L.A. mayoral candidate Kevin James chats with guests after a candidates'… (Allen J. Schaben / Los Angeles…)
A fundraiser put on by heavyweights in Los Angeles' liberal-leaning environmental community should have been a tough crowd for Kevin James.
But James, affable, polite and the only Republican candidate in a Los Angeles mayoral race dominated by City Hall Democrats, had no trouble chatting up guests as he made his way around the crowded event for the Los Angeles League of Conservation Voters.
Richard Mueller, an executive with a multinational manufacturer, and Dave Alba, his business partner, seemed happy to corner him. The men spent several minutes outlining a massive freight automation project they are hoping to bring to San Pedro — a tough sell in labor-friendly L.A. They were at the party hoping to line up support for the project.
James listened intently, asked questions and took cards from both men before moving on. Afterward, Mueller declared himself impressed.

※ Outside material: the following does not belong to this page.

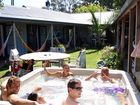 фото отеля Raglan Backpackers & Waterfront Lodge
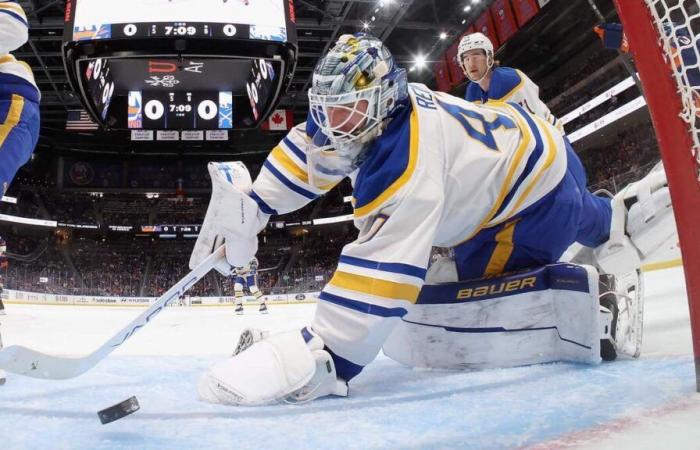 Sabres: a locker room that looks like a funeral home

James' candidacy gives the business community hope that private-sector interests will be given real attention in the mayoral race, he said.
"In this city, you have to work both sides — business and labor," Mueller said. "He'd be a win-win."
James, 49, an Oklahoma native with a sharp legal mind, has emerged as the dark horse in a field made up of career politicians. Although the lawyer and talk-show host has never spent a day in the rough and tumble of public office, he says he'll curtail what he characterizes as the cronyism and scandal that dogs City Hall, cut red tape for businesses, foster jobs and demand reductions in public worker pensions to bring stability to the city's chronically underfunded budget.
And he can do that, James insists, because he's the only outsider of the major candidates who will appear on the March primary ballot. The others are Controller Wendy Greuel, previously a city councilwoman, and council members Eric Garcetti and Jan Perry.
If elected, James would make history as the first gay mayor of Los Angeles. He's never tried to hide his homosexuality, he says, but he also does not make an issue of it. He's now a well-regarded litigator in private practice, a former radio talk show host and a longtime activist with AIDS Project Los Angeles who served for a time as its chairman.
In debates and at events, James displays a commanding grasp of city issues. And he seems to be everywhere, shaking hands wherever there might be potential supporters. The GOP establishment has taken note.
Former L.A. County Dist. Atty. Steve Cooley has endorsed James, and a "super PAC" made up of well-connected GOP donors recently formed to independently support his campaign without being subject to the city's contribution limits. Those moves, political analysts say, have given his run a new legitimacy.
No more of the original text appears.